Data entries
——————————

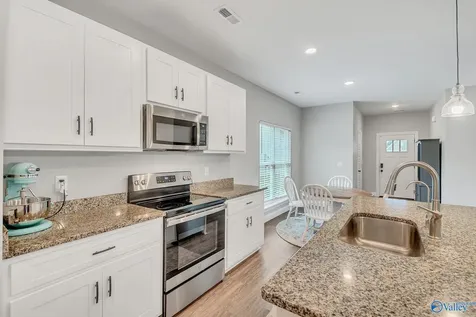 1038 Highgrove Heights NW Harvest AL 35749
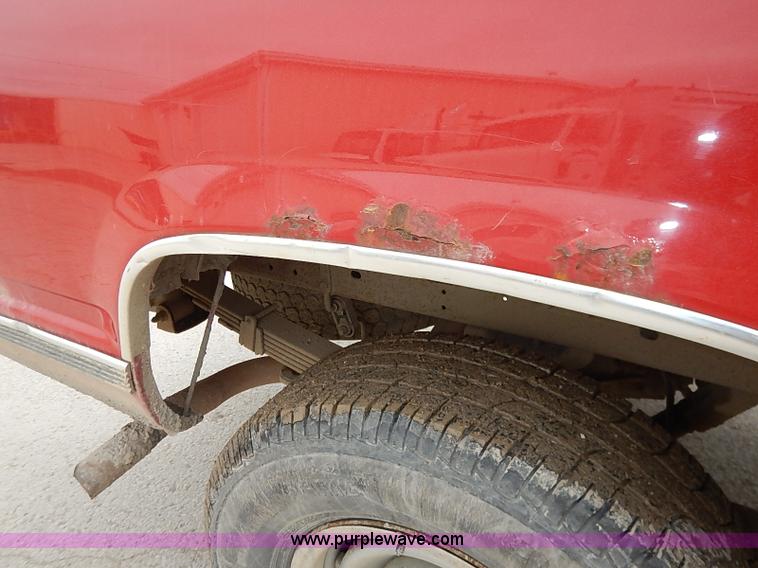 image for item I5083 2000 Chevrolet 2500 LS pickup truck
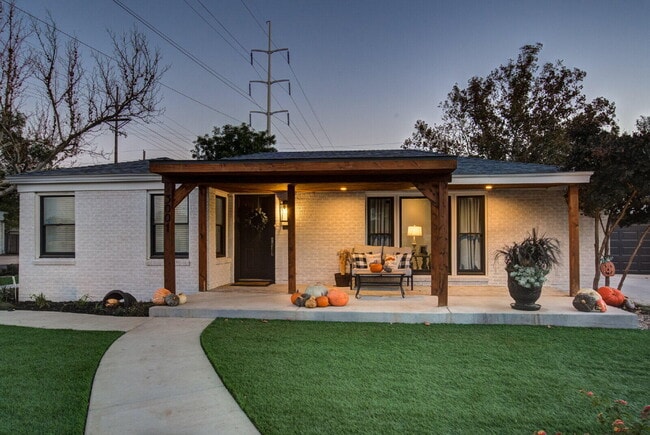 Photo - 3001 32nd St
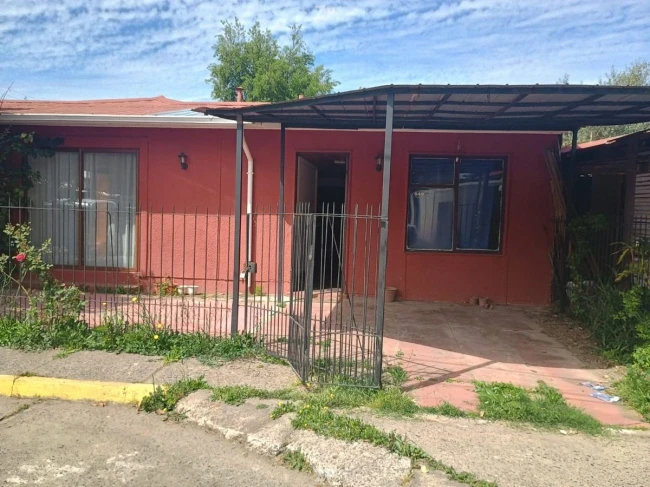 En venta Hermosa casa esquina de 5 dormitorios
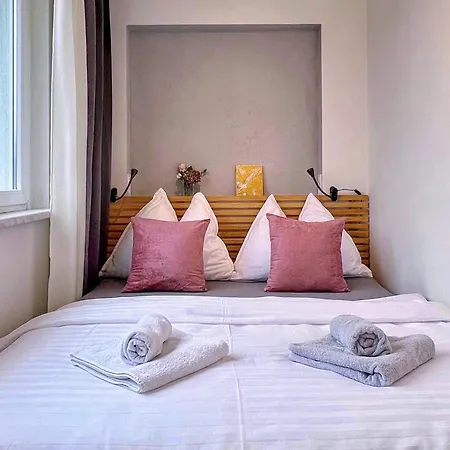 Апартаменты Jana's Wow Apt, 3 Room, Free Parking, 15'airpt, 25'city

——————————

* [Instructions for the task] Begin at the line containing "En venta Hermosa" and extract every line through the end of the records, inclusive, exactly and only; omit pictures.

* [Task result]
 En venta Hermosa casa esquina de 5 dormitorios
 Апартаменты Jana's Wow Apt, 3 Room, Free Parking, 15'airpt, 25'city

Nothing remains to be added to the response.